Historical photos on Google Street View
Want to go back in time and see how the streets of your hometown looked like a hundred years ago? For this, the same Google Street View is suitable, from which historians have made a real time machine. Pick up a smartphone with GPS - and go on a tour.
We are talking about the unique SepiaTown project - this is a selection of historical photographs that are painstakingly tied to the terrain and superimposed on Google Maps. The source of the photographs is the archives of various museums. In particular, photographs of Moscow were taken from the New York Public Library.
For example, here are the Upper City Rows (view of Nikolskaya from a historical museum, 1886).
Walking the streets with a GPS navigator and Google Maps, you will immediately see the place from which the picture was taken.
Unfortunately (or fortunately), ordinary users do not have the right to replenish the SepiaTown collection. In order to maintain historical purity, specially registered and verified experts are engaged in this. Since the project is non-profit and free, the “experts” are recruited from among the volunteers. But if you have rare historical photographs in the private archive, you can donate them to the project (and they will put a link to you as a patron).
The development of this interesting resource can be monitored through the developers blog . They sometimes publish there very beautiful pictures from among new arrivals.

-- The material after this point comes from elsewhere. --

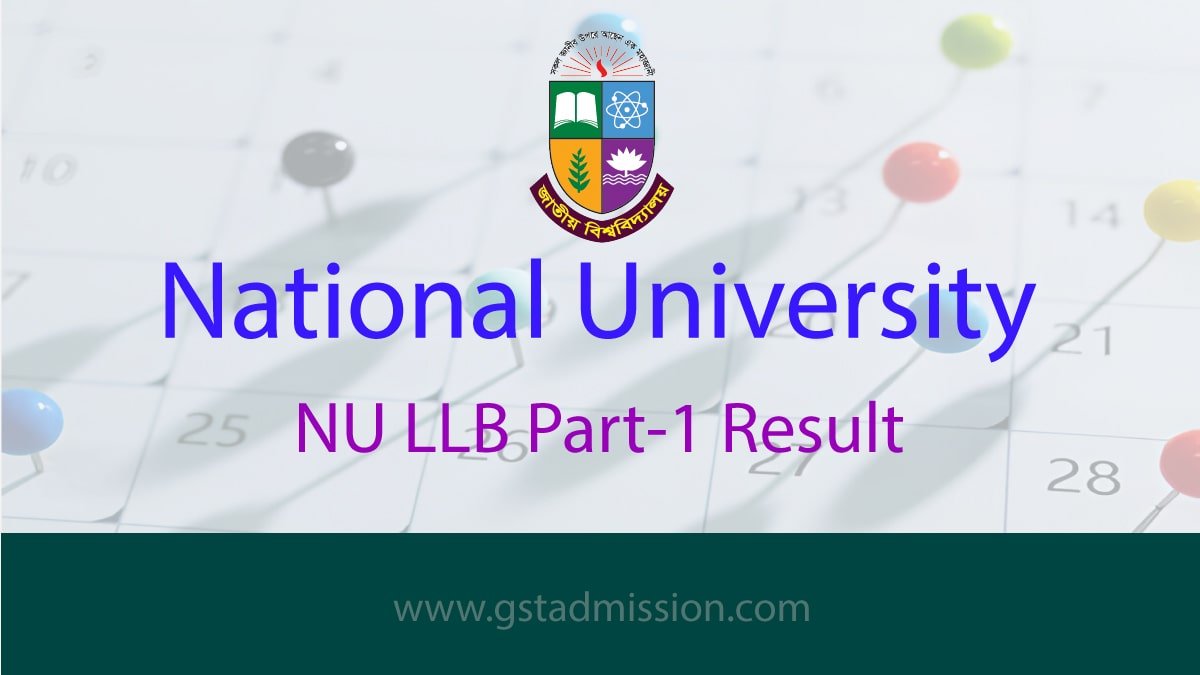 NU LLB 1st Year Result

We are talking about the unique SepiaTown project - this is a selection of historical photographs that are painstakingly tied to the terrain and superimposed on Google Maps. The source of the photographs is the archives of various museums. In particular, photographs of Moscow were taken from the New York Public Library.
For example, here are the Upper City Rows (view of Nikolskaya from a historical museum, 1886).

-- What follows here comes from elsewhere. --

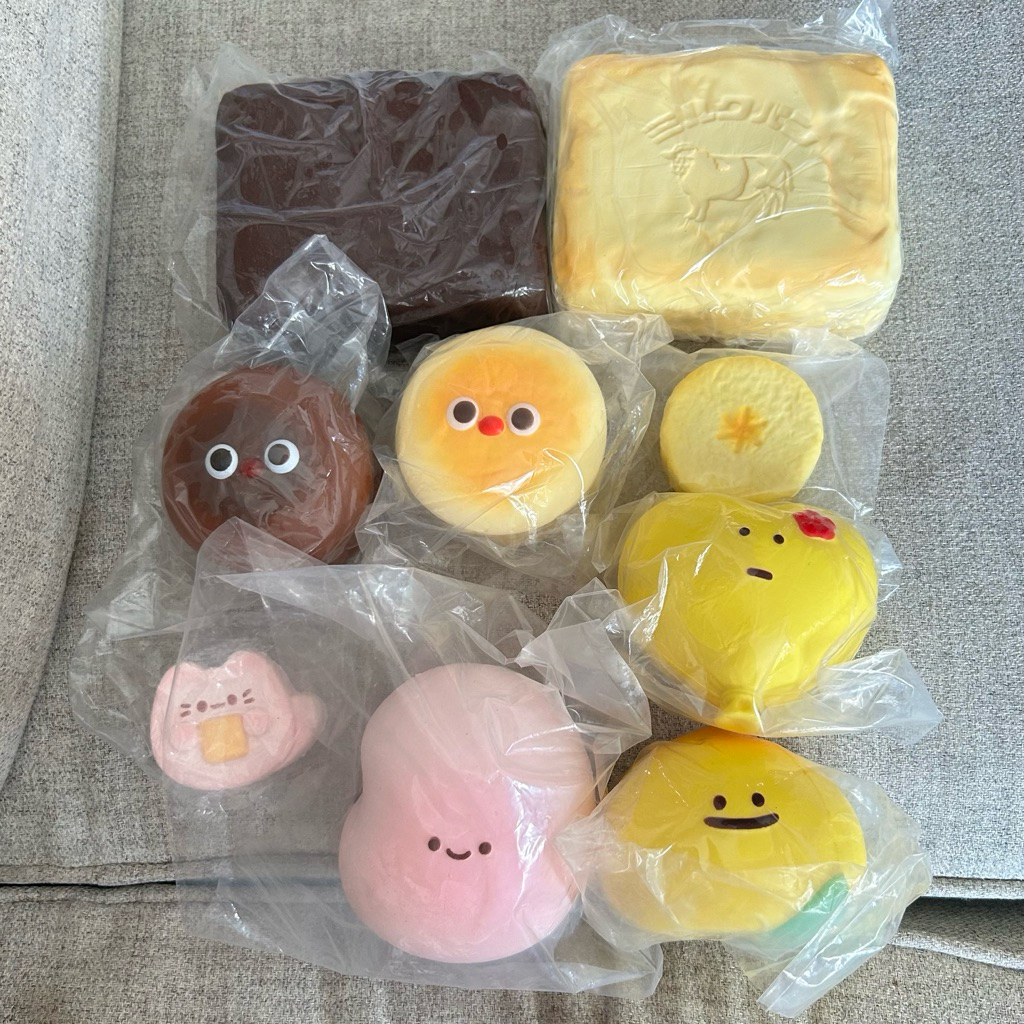 โล๊ะ‼️SALEราคาเท‼️สกุชชี่พร้อมส่ง มือ 1 สกุชชี่ Mido Hachimi Moozy dudo zaizai chameloen nunu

Walking the streets with a GPS navigator and Google Maps, you will immediately see the place from which the picture was taken.
Unfortunately (or fortunately), ordinary users do not have the right to replenish the SepiaTown collection. In order to maintain historical purity, specially registered and verified experts are engaged in this. Since the project is non-profit and free, the “experts” are recruited from among the volunteers. But if you have rare historical photographs in the private archive, you can donate them to the project (and they will put a link to you as a patron).
The development of this interesting resource can be monitored through the developers blog . They sometimes publish there very beautiful pictures from among new arrivals.